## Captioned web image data

BEGIN

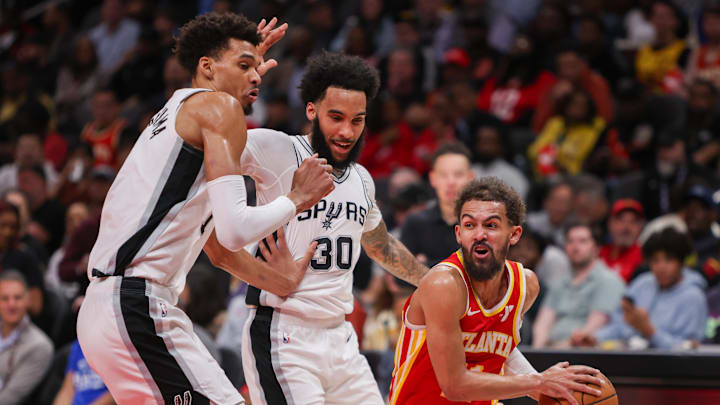 Feb 5, 2025; Atlanta, Georgia, USA; Atlanta Hawks guard Trae Young (11) is defended by San Antonio Spurs center Victor Wembanyama (1) and forward Julian Champagnie (30) in the second quarter at State Farm Arena. Mandatory Credit: Brett Davis-Imagn Images
Feb 5, 2025; Atlanta, Georgia, USA; Atlanta Hawks guard Trae Young (11) is defended by San Antonio Spurs center Victor Wembanyama (1) and forward Julian Champagnie (30) in the second quarter at State Farm Arena. Mandatory Credit: Brett Davis-Imagn Images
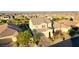 Charming two-story home with a well-manicured front yard, brick driveway and a putting green in the back at 426 Port Reggio St, Las Vegas, NV 89138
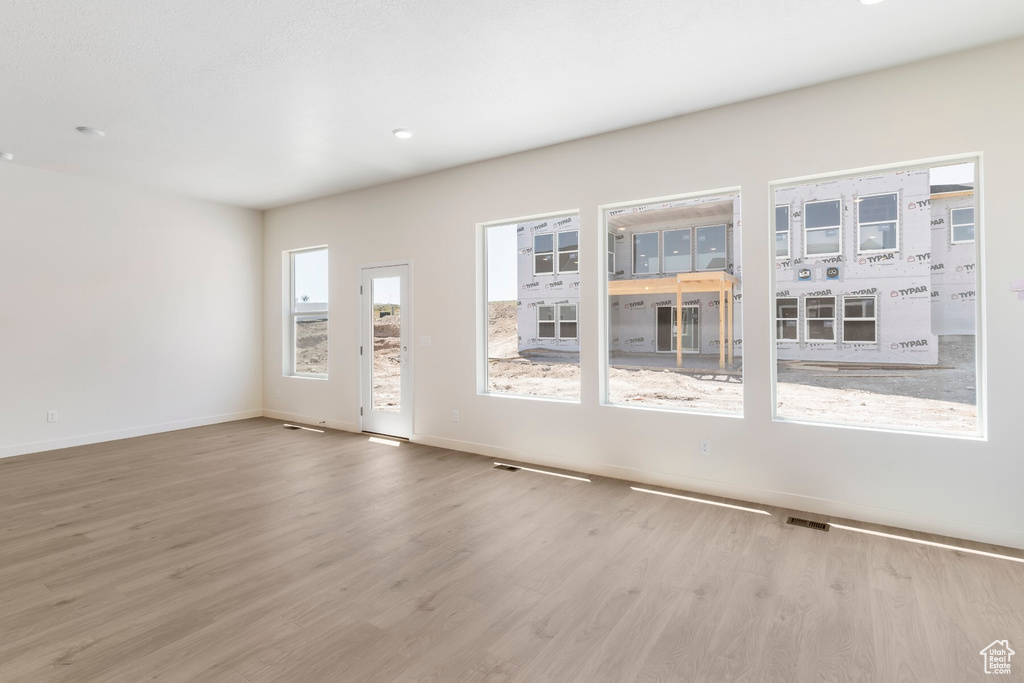 Unfurnished living room featuring wood finished floors and baseboards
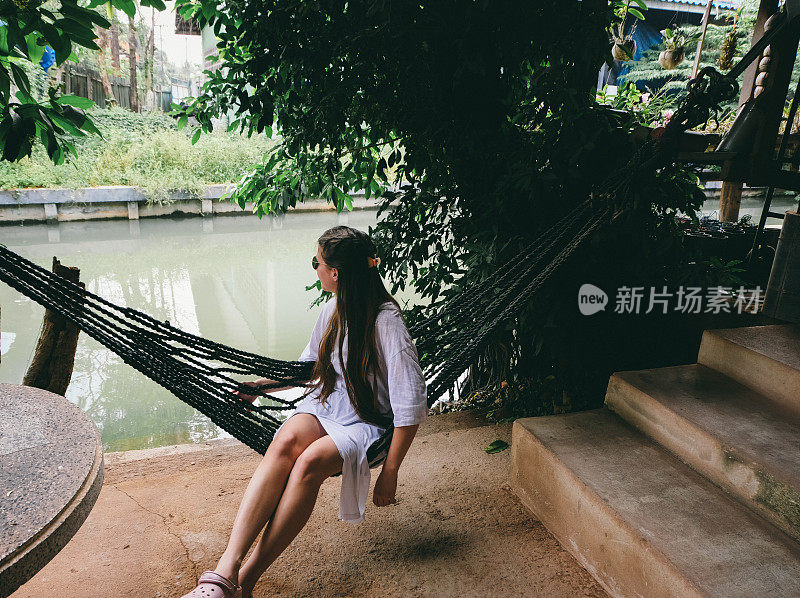 躺在吊床上看泰国河的女人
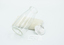 Small milk bottle with separate pressed metal lid and note.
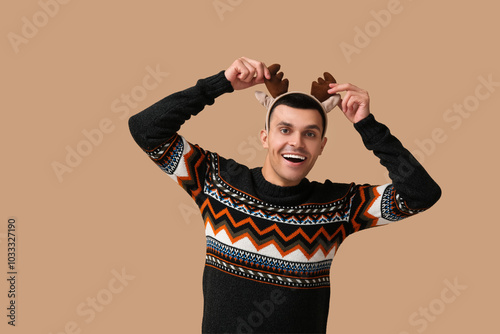 Happy young man in reindeer...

END

## TASK OBJECTIVE
All of the entries above are to be restated word for word, minus the images.

## SOLUTION
 Feb 5, 2025; Atlanta, Georgia, USA; Atlanta Hawks guard Trae Young (11) is defended by San Antonio Spurs center Victor Wembanyama (1) and forward Julian Champagnie (30) in the second quarter at State Farm Arena. Mandatory Credit: Brett Davis-Imagn Images
Feb 5, 2025; Atlanta, Georgia, USA; Atlanta Hawks guard Trae Young (11) is defended by San Antonio Spurs center Victor Wembanyama (1) and forward Julian Champagnie (30) in the second quarter at State Farm Arena. Mandatory Credit: Brett Davis-Imagn Images
 Charming two-story home with a well-manicured front yard, brick driveway and a putting green in the back at 426 Port Reggio St, Las Vegas, NV 89138
 Unfurnished living room featuring wood finished floors and baseboards
 躺在吊床上看泰国河的女人
 Small milk bottle with separate pressed metal lid and note.
 Happy young man in reindeer...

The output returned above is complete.